As I travelled I often felt a kinship with the men who had gone before, who were, after all, soldiers like us, doing what was asked of them at the time to the best of their ability. But never more so than when I was on the battlefields of Ypres and the Somme and the other places where Dukes’ soldiers fought on the Western Front, and where many died, between 1914 and 1918. To stand on the home bank of the canal just a mile or two north of Mons and feel vicariously the mixture of excitement and dread that our Second Battalion machine gun team on one of the bridges must have experienced – they are coming, they are coming. How many? Are they any good? Will I be up to the task? Will I survive?

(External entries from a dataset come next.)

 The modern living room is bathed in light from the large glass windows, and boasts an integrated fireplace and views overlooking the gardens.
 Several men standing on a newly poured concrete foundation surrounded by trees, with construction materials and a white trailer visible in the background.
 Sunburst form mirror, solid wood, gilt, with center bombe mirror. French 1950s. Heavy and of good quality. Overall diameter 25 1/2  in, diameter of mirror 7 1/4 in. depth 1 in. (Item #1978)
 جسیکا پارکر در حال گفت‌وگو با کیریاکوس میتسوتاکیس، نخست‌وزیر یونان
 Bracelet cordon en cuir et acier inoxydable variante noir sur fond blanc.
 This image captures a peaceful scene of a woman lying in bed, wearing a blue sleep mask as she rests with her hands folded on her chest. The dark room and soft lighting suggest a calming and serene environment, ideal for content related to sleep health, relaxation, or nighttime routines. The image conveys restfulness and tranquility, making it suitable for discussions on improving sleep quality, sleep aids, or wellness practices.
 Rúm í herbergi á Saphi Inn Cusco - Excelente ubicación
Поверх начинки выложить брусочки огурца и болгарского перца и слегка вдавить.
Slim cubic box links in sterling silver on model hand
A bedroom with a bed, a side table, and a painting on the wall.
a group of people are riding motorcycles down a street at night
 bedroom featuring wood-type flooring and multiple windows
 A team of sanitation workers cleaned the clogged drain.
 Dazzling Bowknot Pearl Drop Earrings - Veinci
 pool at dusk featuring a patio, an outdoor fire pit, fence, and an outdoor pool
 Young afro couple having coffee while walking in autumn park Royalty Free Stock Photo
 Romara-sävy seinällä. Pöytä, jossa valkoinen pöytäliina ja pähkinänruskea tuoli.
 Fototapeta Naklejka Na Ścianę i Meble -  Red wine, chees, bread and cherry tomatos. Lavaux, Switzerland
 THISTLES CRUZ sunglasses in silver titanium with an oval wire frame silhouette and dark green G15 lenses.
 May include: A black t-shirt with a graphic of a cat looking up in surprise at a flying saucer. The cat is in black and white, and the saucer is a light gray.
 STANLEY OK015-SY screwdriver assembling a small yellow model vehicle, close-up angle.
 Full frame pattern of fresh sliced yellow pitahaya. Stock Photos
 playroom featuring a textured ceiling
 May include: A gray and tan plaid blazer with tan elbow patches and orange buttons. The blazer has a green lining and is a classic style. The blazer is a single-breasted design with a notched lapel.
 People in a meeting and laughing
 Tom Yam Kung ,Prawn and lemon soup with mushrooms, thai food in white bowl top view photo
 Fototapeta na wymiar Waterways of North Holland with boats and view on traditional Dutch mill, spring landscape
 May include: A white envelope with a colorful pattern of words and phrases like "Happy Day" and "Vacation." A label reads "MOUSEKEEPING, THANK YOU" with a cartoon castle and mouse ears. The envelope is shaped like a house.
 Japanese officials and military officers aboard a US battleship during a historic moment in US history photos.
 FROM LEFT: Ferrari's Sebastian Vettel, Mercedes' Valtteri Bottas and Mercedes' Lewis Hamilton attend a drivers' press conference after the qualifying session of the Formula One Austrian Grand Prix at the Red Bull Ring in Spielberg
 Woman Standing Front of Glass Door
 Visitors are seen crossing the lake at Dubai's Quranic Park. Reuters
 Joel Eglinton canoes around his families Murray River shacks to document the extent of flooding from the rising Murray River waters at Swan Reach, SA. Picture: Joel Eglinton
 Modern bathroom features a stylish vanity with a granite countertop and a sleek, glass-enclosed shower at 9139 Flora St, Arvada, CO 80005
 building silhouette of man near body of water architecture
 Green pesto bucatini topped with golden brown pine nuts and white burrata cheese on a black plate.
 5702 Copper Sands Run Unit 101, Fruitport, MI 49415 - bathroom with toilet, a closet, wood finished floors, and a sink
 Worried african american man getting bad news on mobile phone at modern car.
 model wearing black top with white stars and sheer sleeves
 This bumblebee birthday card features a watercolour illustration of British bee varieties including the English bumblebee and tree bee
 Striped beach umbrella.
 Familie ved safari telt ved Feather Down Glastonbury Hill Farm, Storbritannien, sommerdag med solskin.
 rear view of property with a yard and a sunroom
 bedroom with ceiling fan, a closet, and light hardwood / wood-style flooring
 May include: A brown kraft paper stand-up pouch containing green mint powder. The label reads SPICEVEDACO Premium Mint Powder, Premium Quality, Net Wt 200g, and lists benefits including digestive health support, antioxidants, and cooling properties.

Or maybe sitting on Hill 60 shortly after the vicious and costly assaults that won us that unlovely and unnatural feature, and just get that first sniff of the chlorine gas that was to wipe out the forward companies, not knowing in that instant what it was nor what it’s terrible effect would be. Or maybe on the start line on 1 July 1916, full of confidence having seen, or anyway heard, the mines go off under, and the thunder of the barrage on, the enemy positions that must surely have crushed any resistance before our boys began to move. No-one could have survived that, could they? It’ll be a walkover, won’t it?

And sometimes I would just sit on the wall of a CWGC cemetery next to the headstone of a Dukes soldier on the end of his row and find myself chatting to him, telling him how it all turned out and little things that I thought he would find of interest about the lives of modern Dukes. Then maybe a light touch on the stone and a brief word of farewell, and on to the next place on the schedule. Silly really, I suppose but it seemed so natural at the time.

We have brought together the articles that appeared in the Iron Duke between 2014 and 2018, on the centenary of the great and small events that our men were engaged in. It is not easy to keep the thread of a story with a six month gap between serials, so now the reader can go right through from 23 August 1914 to 11 November 1918, read on the website or download to keep and read at leisure. It is a story of our Regiment – success and failure, gallantry and confusion, initiative and loss of opportunity, life and death. So many young lives lost, yet here and there through the horrors of total war between nations that have never for long been able to live alongside each other without resort to violent force, acts of amazing courage and leadership at many levels.

I write this introduction three days before Remembrance Sunday, when we remember the sacrifice of our men and women from 1914 to the present day. We will remember them.

 

Tim Nicholson                                                                                                                                    8 November 2019

Lieutenant Colonel (retired)

Editor, The Iron Duke Journal 2006 – 2018.